This notebook free for educational reuse under [Creative Commons CC BY License](https://creativecommons.org/licenses/by/4.0/).

Created by [William Mattingly](https://www.wjbmattingly.com) for the 2025 Text Analysis Pedagogy Institute, with support from [Constellate](https://constellate.org).
<br />
____

# Part 2: Leveraging LLMs for Named Entity Recognition

In this notebook, we will learn how to leverage LLMs to perform a specific task: Named Entity Recognition (NER).

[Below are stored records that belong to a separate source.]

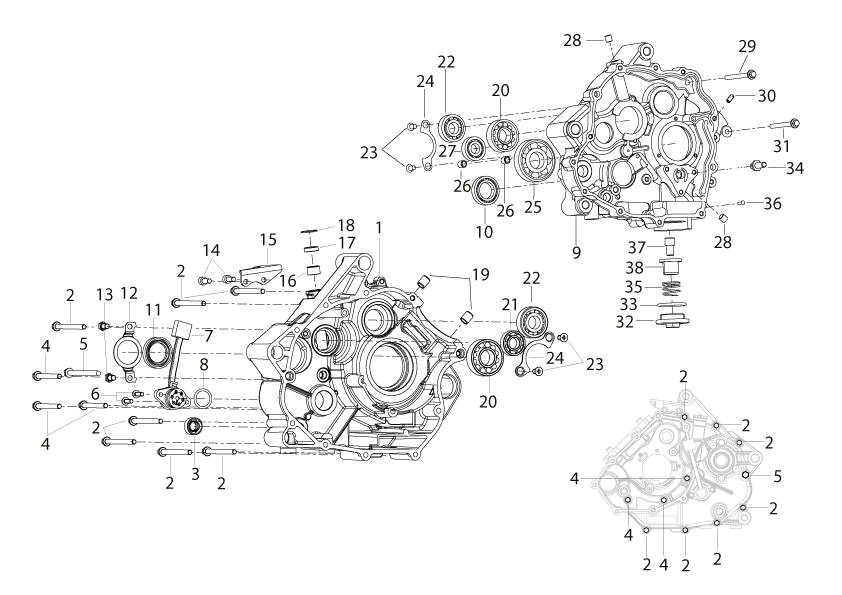 Náhradní díly pro BENELLI BKX 125 EU5 PLUS 2026 - T005 - Kliková skříň - rozkres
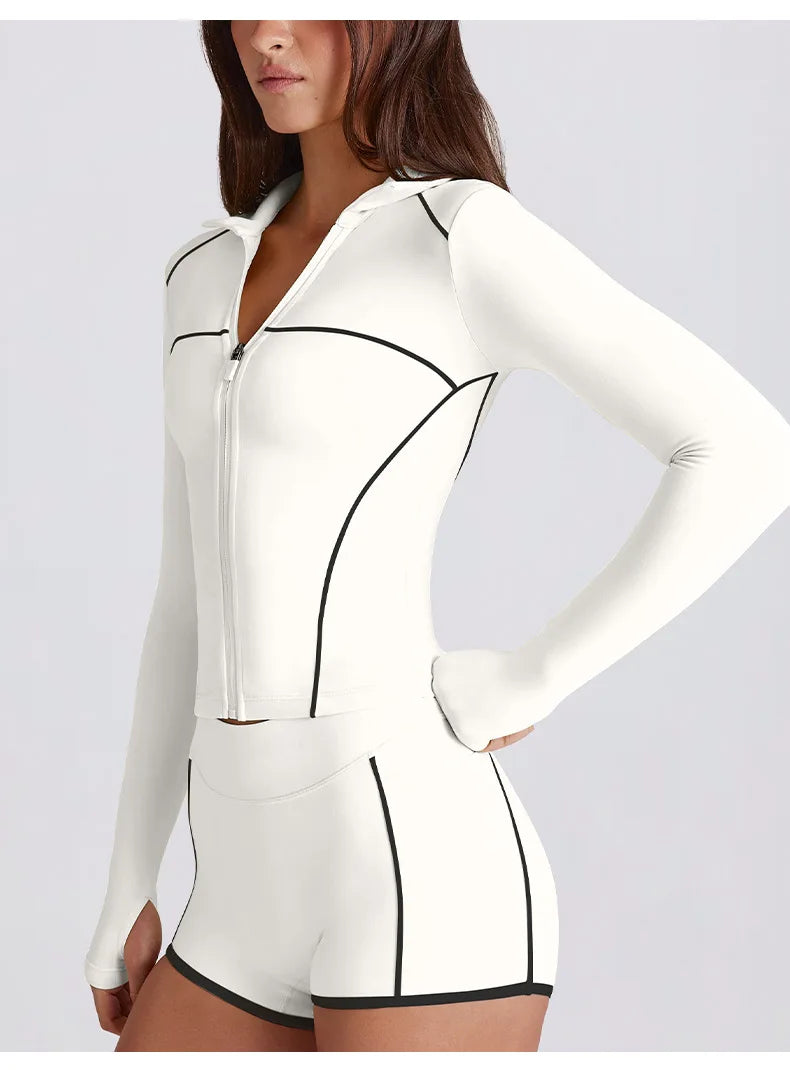 No. 5 Matching Set, 2PC Line Up Long Sleeve Micro Short Set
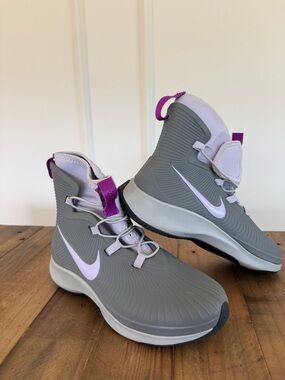 Nike Kid’s Gray Rubber High-Tops with Lavender Scuba Sock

We will also learn some tricks for guiding LLMs to do what we want consistently.

Learning Objects

- Understanding NER as a task
- Understanding the different approaches to NER
- Understanding when to use an LLM for NER
- Understanding the Limitations of an LLM
- Understanding Pydantic and Data Models
- Understanding Structured Outputs from LLMs and their Importance


## Install Required Packages

In [102]:
!pip install openai pydantic datasets spacy
!python -m spacy download en_core_web_sm

Collecting en-core-web-sm==3.8.0
  Downloading https://github.com/explosion/spacy-models/releases/download/en_core_web_sm-3.8.0/en_core_web_sm-3.8.0-py3-none-any.whl (12.8 MB)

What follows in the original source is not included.